Overdetermined: Three points, two parameters

Three points, but we want a line y = mx + b (only 2 parameters). No single line passes through all three—the system is overdetermined.

When no exact solution exists, we settle for the next best thing: find the $\vec{x}$ that makes $A\vec{x}$ as close as possible to $\vec{b}$ .

Minimizing the Error

The least squares solution $\hat{x}$ minimizes the squared length of the residual vector:

\hat{x} = \arg\min_{\vec{x}} \|A\vec{x} - \vec{b}\|^2

Why squared? Because the squared norm is differentiable and has a unique minimum. It also heavily penalizes large errors, which is often desirable.

Interactive: Drag points to see the best-fit line

Best fit line

y = 0.95x + 0.67

Total squared error

0.107

Drag the points to see how the best-fit line adjusts. The red dashed lines show the residuals—the errors we are minimizing.

The red lines show the residuals—the vertical distances from points to the line. Least squares finds the line that minimizes the sum of squared residuals.

The Geometric View: Projection

Here is the key insight: since $A\vec{x}$ must lie in the column space of $A$ , the closest we can get to $\vec{b}$ is its orthogonal projection onto that column space.

The residual $\vec{b} - A\hat{x}$ must be perpendicular to the column space. This means it is perpendicular to every column of $A$ :

A^T(\vec{b} - A\hat{x}) = \vec{0}

3D view: Project b onto the column space

b (target)

Projection (Ax̂)

Residual

The column space (blue plane) contains all possible Ax. The least squares solution finds the point in this plane closest to b—its orthogonal projection.

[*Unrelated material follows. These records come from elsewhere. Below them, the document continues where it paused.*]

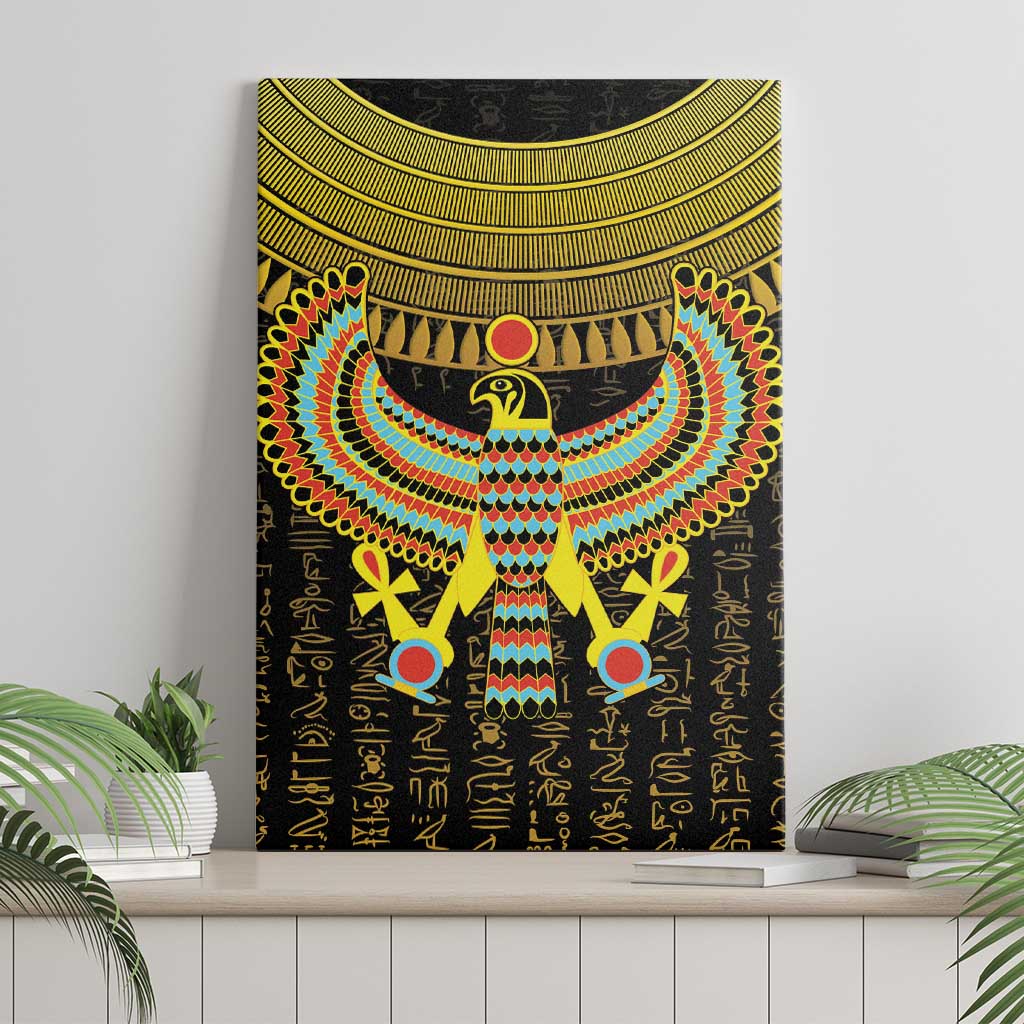 Ancient Egyptian Canvas Wall Art Symbol of Horus The Falcon God LT9 - Wonder Print Shop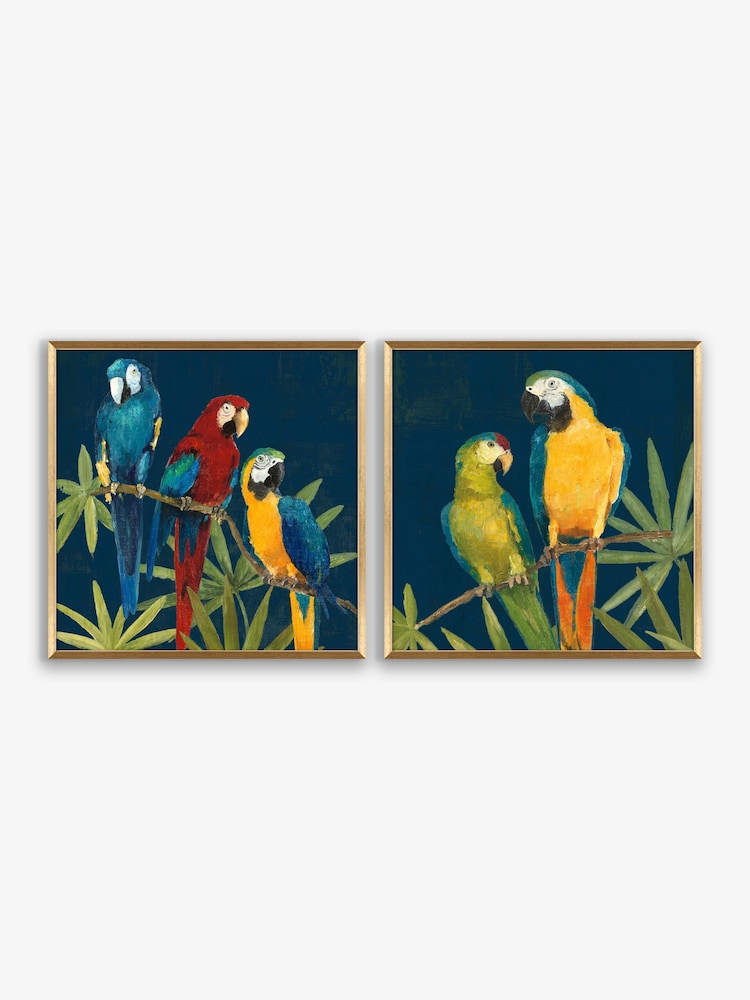 Artko Set of 2 Gold Birds Of A Feather by Avery Tillmon Framed Art - Image 2 of 3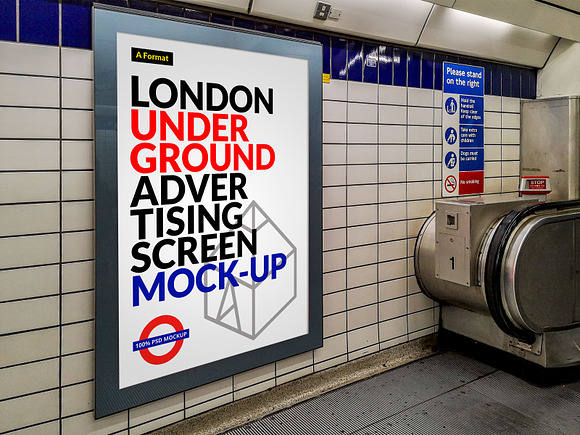 London Underground Screen Mockups 12 Creative Photoshop Templates Creative Market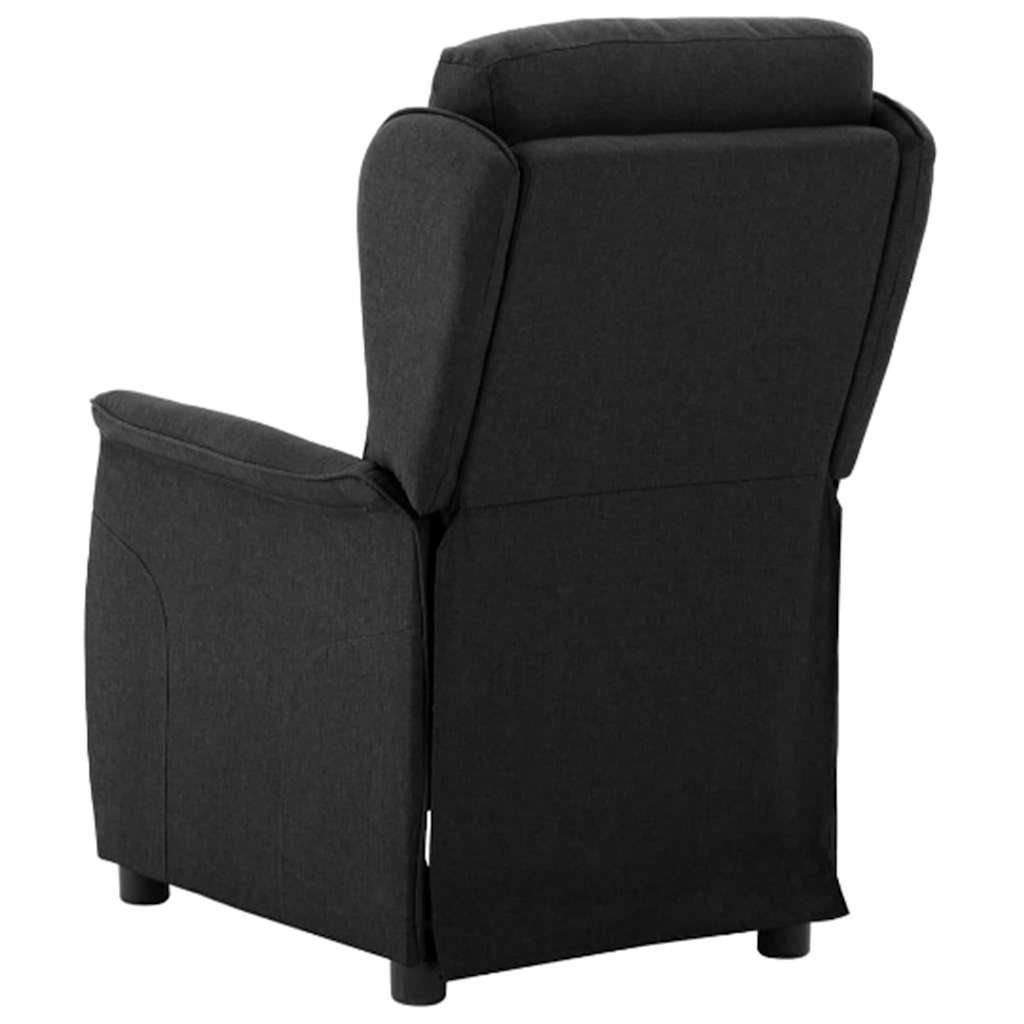 Poltrona reclinável Preto 67.5 x 93.5 x 101.5 cm tecido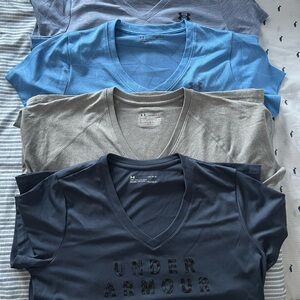 Under Armour women’s  Short Sleeve Tees - Light Blue, Gray, Dark Blue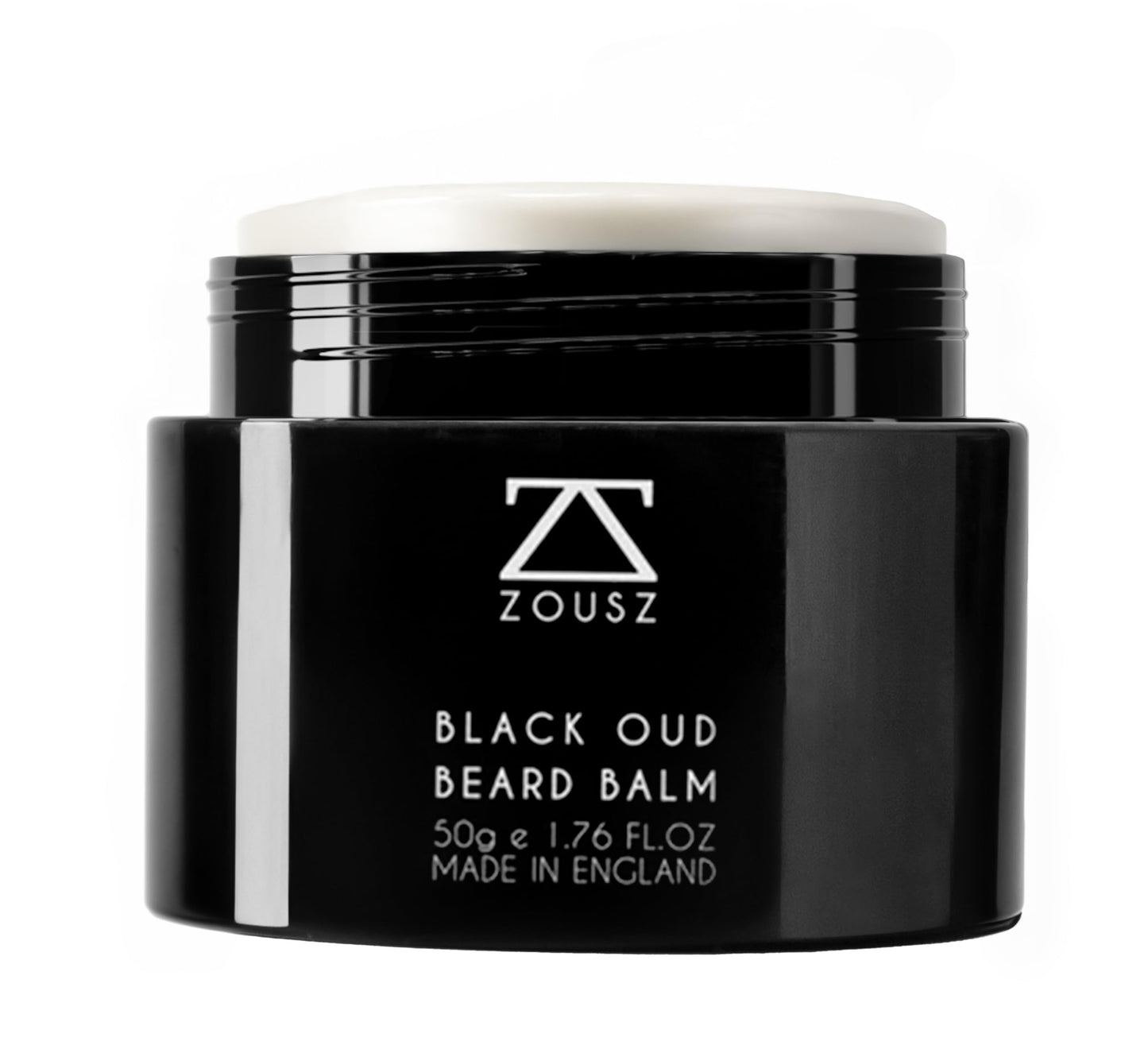 ZOUSZ Black Oud Bartbalsam für Männer mit Sheabutter – Premium-Bartbalsam/Bartspülung/Bartweichmacher Herren | Das ultimative nicht fettender Bartpflege für Männer, 50 ml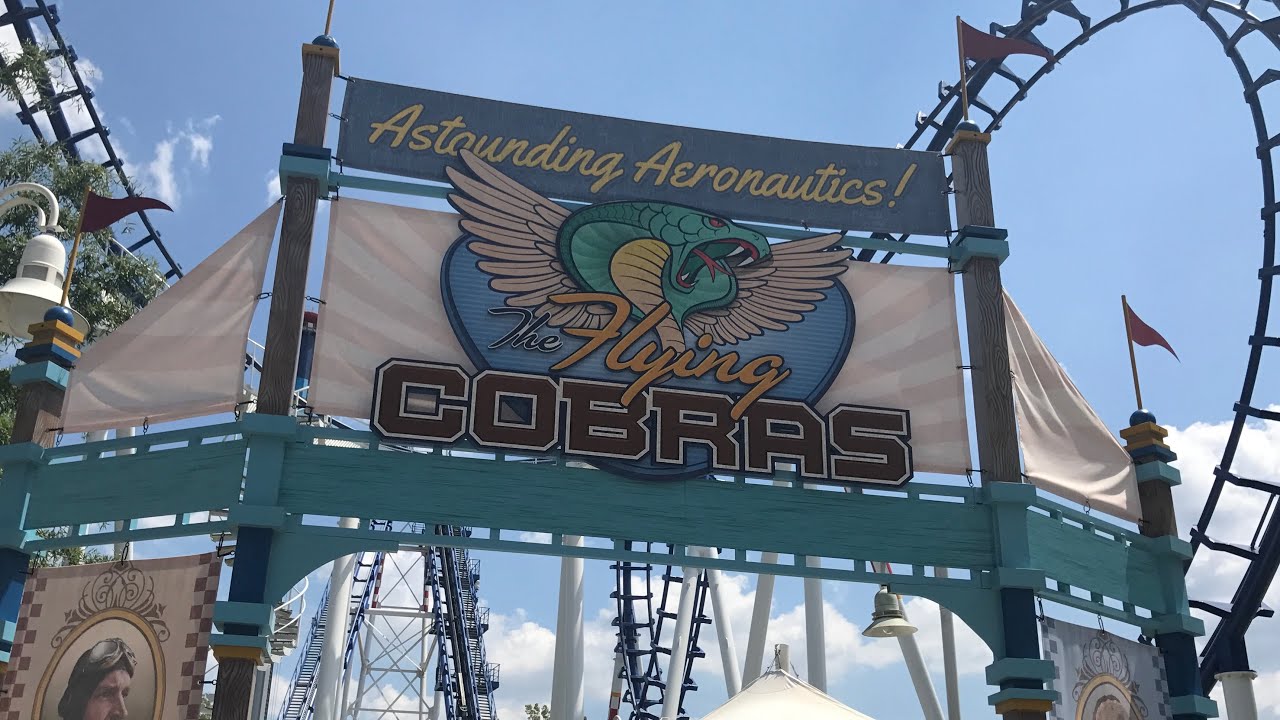 Flying Cobras Review Carrowinds 2017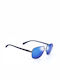 Monte Como Men's Sunglasses with Gray Metal Frame and Blue Mirror Lens PZ5009 C5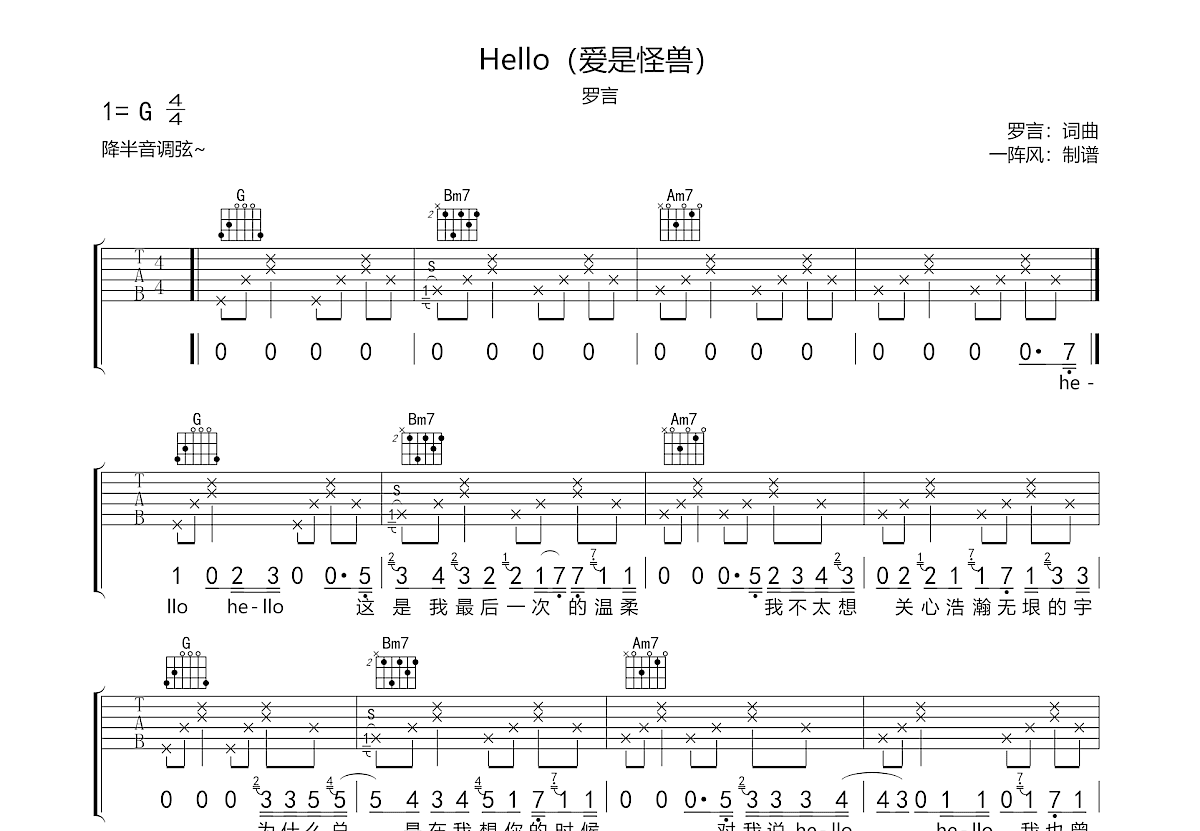 Hello Sheet Music | John Butler | Guitar Tab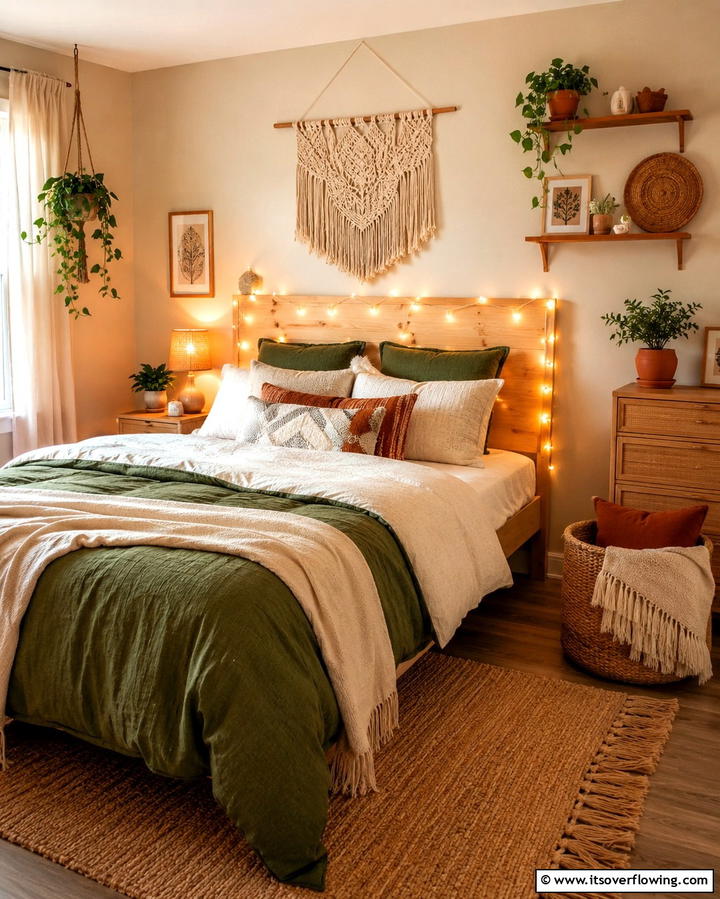 String Lights for a Cozy Ambiance - 25 Small Bedroom Lighting Ideas to Brighten Your Space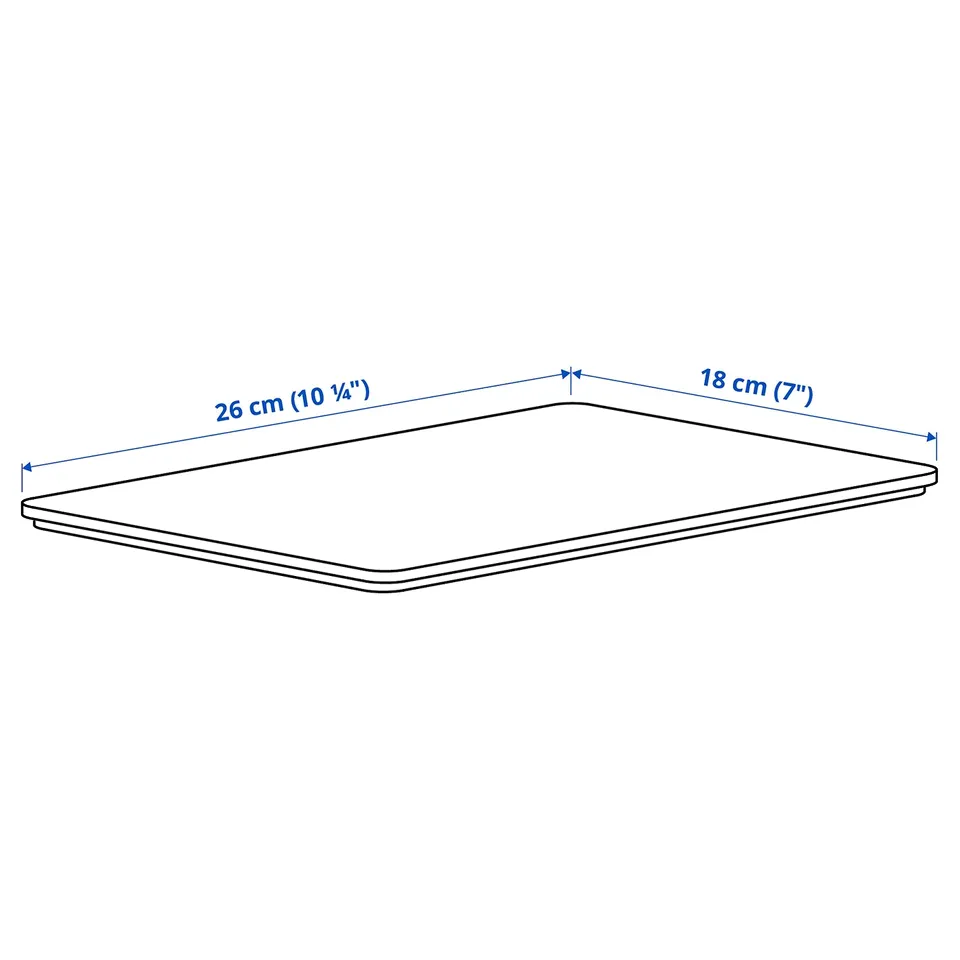 Illustration with measurements for the product: KUGGIS.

The green point is the projection of $\vec{b}$ onto the column space (the blue plane). The orange vector is the residual, which is perpendicular to the plane.

The Normal Equations

Rearranging $A^T(\vec{b} - A\hat{x}) = \vec{0}$ gives the normal equations:

A^TA\hat{x} = A^T\vec{b}

If $A^TA$ is invertible (which happens when $A$ has full column rank), the solution is:

\hat{x} = (A^TA)^{-1}A^T\vec{b}

The matrix $(A^TA)^{-1}A^T$ is called the pseudoinverse of $A$ . It generalizes the inverse to non-square matrices.

Interactive: Solve the normal equations

a2.0

b1.0

b_x3.0

c1.0

d3.0

b_y2.0

\hat{x} = (1.40, 0.20)

Error: 0.000

The solution x̂ minimizes ||Ax - b||. The residual (red dashed line) is perpendicular to the column space.

Connection to Orthogonality

The normal equations encode the orthogonality condition. Multiplying by $A^T$ projects the residual onto the column space. When that projection is zero, the residual is perpendicular to the column space.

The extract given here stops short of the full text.